Most faculty work hard to make each individual course they teach the best learning experience it can be. They learn with each semester, and make revisions based on what worked and where the course stumbled. If done correctly, it’s a continuous improvement process that runs like a well-oiled machine. But no matter how good their individual courses are, it’s easy for faculty to end up in a silo–unsure of what’s happening in other courses throughout their discipline or department.
Curriculum mapping, a process that helps faculty align curriculum to ensure that the program addresses all learning outcomes effectively, can help break down those silos.
“It is through cross-curriculum development that learning and skills development can be enhanced and reinforced,” says Peter Wolf, director of Teaching Support Services at the University of Guelph in Ontario, Canada.

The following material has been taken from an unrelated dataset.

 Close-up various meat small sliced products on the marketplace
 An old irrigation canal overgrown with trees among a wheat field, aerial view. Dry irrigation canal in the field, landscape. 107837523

In the recent online seminar Connect Learning Across Courses with Curriculum Mapping, Wolf explained how Guelph uses curriculum mapping to ensure that individual learning experiences are connected across courses and relate to the larger context of the student experience.
Although curriculum mapping can be accomplished with a low-tech approach such as Excel, Guelph uses two different software applications to accomplish its goals. Using the Visual Understanding Environment (VUE), an open source project based at Tufts University, Guelph’s curriculum committees can develop course progression maps to help make informed decisions about program structure. For example, by viewing the four-year course progression map of a particular major, the committee discovered that the most difficult required courses were all in semesters four and five. In an earlier survey, students reported feeling burned out during these same two semesters. The department was able to make a few adjustments to even out the workload, without sacrificing program quality, Wolf says.
To accomplish the second dimension of curriculum mapping–breadth program outcomes mapping–Guelph developed its own software called CurricKit, a curriculum mapping toolkit that helps match program outcomes with individual courses by collecting data from faculty, course outlines, and curriculum committees. The software helps map courses across three components: knowledge, skills and values; instructional methods; and assessment methods.
“The processes are faculty driven, that’s the only way to have a sustainable model,” says Wolf. “The goal is not to evaluate courses or evaluate faculty, but to use data to have meaningful discussions that drive curriculum decisions so that our graduates have the knowledge, skills, and values we want to foster in our students.”